|ARTFICIAL INTELLIGENCE| HEALTHCARE| SPEECH|

Body language and tone of voice – not words – are our most powerful assessment tools. – Christopher Voss
Future medicine will also allow diagnosis without invasive examinations and remote patient monitoring. Artificial Intelligence is an indispensable component of this future.
When one thinks of AI-enabled diagnosis, one thinks of medical imaging. One example is the diagnosis of potentially cancerous moles using photos captured by cell phones and analyzed with AI algorithms. Humans communicate primarily by voice. Inside the human voice is a treasure trove of information that goes far beyond the content of words.
How to analyze this hidden message? How to use it for diagnostic purposes?
This article discusses exactly that. We will discuss why it is important, why it is difficult, what has already been done, and what challenges have been encountered. Likewise, we will discuss recent developments and what the future holds. The list of references is at the end.
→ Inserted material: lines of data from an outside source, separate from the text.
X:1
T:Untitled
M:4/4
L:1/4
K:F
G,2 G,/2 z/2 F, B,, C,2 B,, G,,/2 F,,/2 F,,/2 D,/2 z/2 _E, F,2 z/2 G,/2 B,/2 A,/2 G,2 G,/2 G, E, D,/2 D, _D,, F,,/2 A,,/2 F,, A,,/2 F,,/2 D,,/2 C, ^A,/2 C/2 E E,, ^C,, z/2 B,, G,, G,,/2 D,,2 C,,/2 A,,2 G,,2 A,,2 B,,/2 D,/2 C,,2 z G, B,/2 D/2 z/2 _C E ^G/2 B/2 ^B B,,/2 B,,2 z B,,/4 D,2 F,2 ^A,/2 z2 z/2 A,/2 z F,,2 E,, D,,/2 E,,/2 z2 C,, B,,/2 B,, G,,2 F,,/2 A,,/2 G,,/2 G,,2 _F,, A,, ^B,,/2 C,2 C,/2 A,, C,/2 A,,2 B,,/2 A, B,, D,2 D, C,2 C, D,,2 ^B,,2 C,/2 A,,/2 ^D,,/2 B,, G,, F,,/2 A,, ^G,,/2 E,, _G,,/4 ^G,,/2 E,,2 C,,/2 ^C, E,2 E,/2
The new frontier of AI in healthcare

As artificial intelligence models have improved, researchers’ eyes have turned to potential application implications. Some attention has been paid to potential medical applications. This is both because of the potential economic and social implications and also because of the abundance of data. Indeed, both medical notes but also diagnostic results such as medical imaging (X-ray, CT scan, and so on) and laboratory tests (genomic sequencing, blood analysis, and so on) are generated during a medical investigation. However, these data are complex and the acceptable margin of error is small, thus delaying deployment in hospitals.
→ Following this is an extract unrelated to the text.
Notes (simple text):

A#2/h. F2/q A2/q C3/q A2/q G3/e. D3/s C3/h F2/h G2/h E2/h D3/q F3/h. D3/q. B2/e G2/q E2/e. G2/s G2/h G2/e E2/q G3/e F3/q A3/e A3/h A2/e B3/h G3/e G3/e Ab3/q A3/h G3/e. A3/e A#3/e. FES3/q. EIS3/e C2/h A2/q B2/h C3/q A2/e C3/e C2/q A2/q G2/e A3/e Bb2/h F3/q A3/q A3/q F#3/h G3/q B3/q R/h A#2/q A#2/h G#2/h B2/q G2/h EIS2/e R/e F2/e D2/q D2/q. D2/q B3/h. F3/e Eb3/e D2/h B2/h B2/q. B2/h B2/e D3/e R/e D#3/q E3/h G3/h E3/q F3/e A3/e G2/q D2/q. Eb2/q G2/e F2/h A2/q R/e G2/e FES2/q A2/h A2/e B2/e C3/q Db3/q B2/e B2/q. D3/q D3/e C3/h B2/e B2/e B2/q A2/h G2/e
Another reason for interest in artificial intelligence is that it can be used to aid diagnosis even without the need for invasive diagnostic tests. In fact, blood tests or other medical tests still pose a risk to the patient. In addition, the patient has to travel to a hospital or other specialized center.
We can highlight two main stages in the development of artificial intelligence models for patient data analysis without an invasive examination. The first phase exploited convolutional networks for the analysis of images obtained from the patient. For example, Google and other research groups have focused on photos of the eye or ocular fundus to diagnose various diseases.
Through the Looking Glass, and What Google find there in the eye
The second phase exploits the success of large language models (LLMs) in analyzing human language and thus being able to diagnose patients from textual issues or conduct reasoning about medical records.
Google Med-PaLM: The AI Clinician
If men communicate with voice, why not take advantage of speech data as well?
Indeed, speech is a rich source of data: there is not only semantic content, but also the transmission of emotion, articulation, resonation, and phonation. For a diagnostic investigation, there is not only semantic content (which could still be analyzed by its transcription) but also a whole acoustic component that is rich in information.
These signals are important for obtaining a diagnosis, such as doctors use whopping sounds in children’s cough to diagnose pertussis. In addition, speech or cough can also be recorded with the use of a cell phone or other low-cost device. Potentially allowing access to diagnosis even in low-income countries or rural areas with limited access to healthcare. However, these data are difficult to process and require specific pre-processing that can lead to loss of information.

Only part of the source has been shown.